REPUBLIKA.CO.ID, KUPANG---Kepala Dinas Perikanan dan Kelautan Nusa
Tenggara Timur Nicolaus Bala Nuhan mengatakan, komoditas rumput laut di
Indonesia termasuk di Nusa Tenggara Timur pernah menembus pasar
internasional Filipina, ketika produksi di negara itu mengalami
stagnasi.
"Pada 2010 komoditas ekspor rumput laut asal NTT cukup diminati
konsumen pasar di Mandanao Filipina karena kualitasnya, untuk kebutuhan
obat dan jenis kosmetik lainnya," katanya di Kupang, Rabu, terkait
dengan keberadaan rumput laut di NTT dan dampak ekonomisnya bagi
masyarakat setempat.
Ia mengatakan saat itu (2010) harga rumput laut di NTT juga mencapai
puncak tertinggi yaitu Rp 22 ribu per kilogram dan kemudian setelah
harga rumput laut internasional stabil, kembali merosot hingga Rp 3.500
per kg dan hingga saat ini sedikit mengalami kenaikan Rp 4.000 per kg.

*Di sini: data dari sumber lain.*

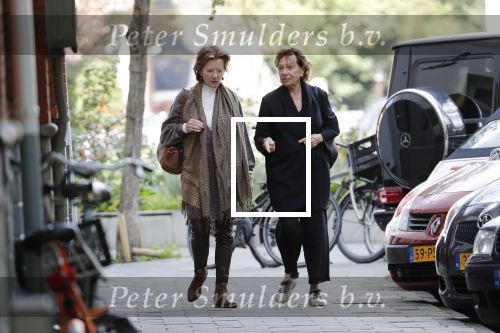 Amsterdam 19 september 2019
Nellie Kroes met een vriendin winkelend met een vriendin in Amsterdam zuid.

Menurut dia, rumput laut dinilai memiliki peran penting dalam
pergerakan kemajuan ekonomi nasional sebagai salah satu primadona ekspor
yang mampu menciptakan lapangan kerja khususnya di bidang kelautan dan
perikanan.
"Saat ini saja rumput laut jenis 'euchema cotoni' telah menjadikan
Indonesia sebagai produsen utama dengan menguasai 50 persen produksi
rumput laut di dunia. Dan merupakan hasil dari hilirisasi rumput laut
dengan penerapan klaster bisnis," katanya.

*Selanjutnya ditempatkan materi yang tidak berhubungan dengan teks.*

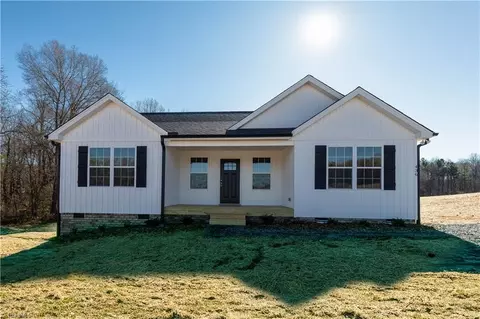 436 Jim Elliott Rd, Denton, NC 27239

Karena itu, mantan Kepala Badan Ketahanan Pangan dan Penyuluhan NTT
itu meminta semua pihak mendukung pemerintah dalam mengimplementasian
"road map" yang sedang disusun dengan melakukan perluasan organisasinya
hingga ke kabupaten/kota, terutama daerah penghasil rumput laut agar
menjadi komoditas unggulannya.
Ia mengatakan, dengan potensi yang ada seharusnya Indonesia mampu
menjadi produsen perikanan yang mampu mengambil porsi besar dalam pasar
dunia.
Karena industri rumput laut memerlukan keterkaitan erat antara hulu
(up stream) dan hilir (down stream), karena pada tingkat hulu (petani
dan nelayan) memiliki keahlian dan kemauan berproduksi tetapi menghadapi
keterbatasan dalam akses pasar dan teknologi, sementara pada tingkat
hilir (pemilik pabrik) memiliki teknologi dan akses pasar namun
membutuhkan jaminan suplai bahan baku.
Ia menjelaskan "model klaster bisnis" akan banyak membantu
kelangsungan aktivitas petani rumput laut dan sekaligus industri
pengolahannya sehingga diharapkan kemitraan dapat dibangun melalui
komunikasi dan implementasi nyata diantara pemangku kepentingan secara
sinergis dan saling menguntungkan.
"Dengan komitmen yang kuat dari semua pemangku kepentingan, mulai
dari pemerintah pusat/daerah sampai pelaku usaha utama, yakin bahwa
target Kementerian Kelautan dan Perikanan untuk mencapai target produksi
10 juta ton pada 2014 akan dicapai," katanya.